Reorder Point Calculator
Running out of stock on a product that's selling is the fastest way to hand your rank to a competitor. You were eight days from a shipment, sales kept climbing, and suddenly the buy box went quiet. Reorder point is the one number that stops that — it tells you how many units should be left when you pull the trigger on the next purchase order.
The math is dull on purpose: average daily sales times lead time, plus safety stock. The lead time is the full run from "I clicked reorder" to "units are sellable in the warehouse" — supplier build, ocean or air, customs, inbound, and Amazon's receiving, which lately can sit for weeks. A lot of sellers count only the transit and wonder why they still stocked out.

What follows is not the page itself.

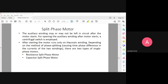The auxiliary winding may not remain in the circuit permanently. When the motor starts, the auxiliary winding will be cut off. Once cut off, the motor runs with only one winding. Depending on how the phase is split, you can have a resistance split-phase motor or a capacitor split-phase motor.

Safety stock is your cushion for the bad week. If a product normally moves 20 a day but spiked to 50 during a promo, that gap is what eats you. Put a realistic number there, not zero.
Watch the 200-unit shipment cap Amazon pushed on some inbound plans. If your reorder point says send 600 units but your plan only accepts 200 per shipment, you're making three shipments and eating placement fees three times. The Shipment Unit Planner on this site handles that math.
Set the reorder point, then wire it into a calendar reminder. The point isn't to admire the number — it's to start the PO before you hit it. Most stockouts I've seen weren't surprises. They were "I meant to reorder" that slipped two weeks, right into a stockout.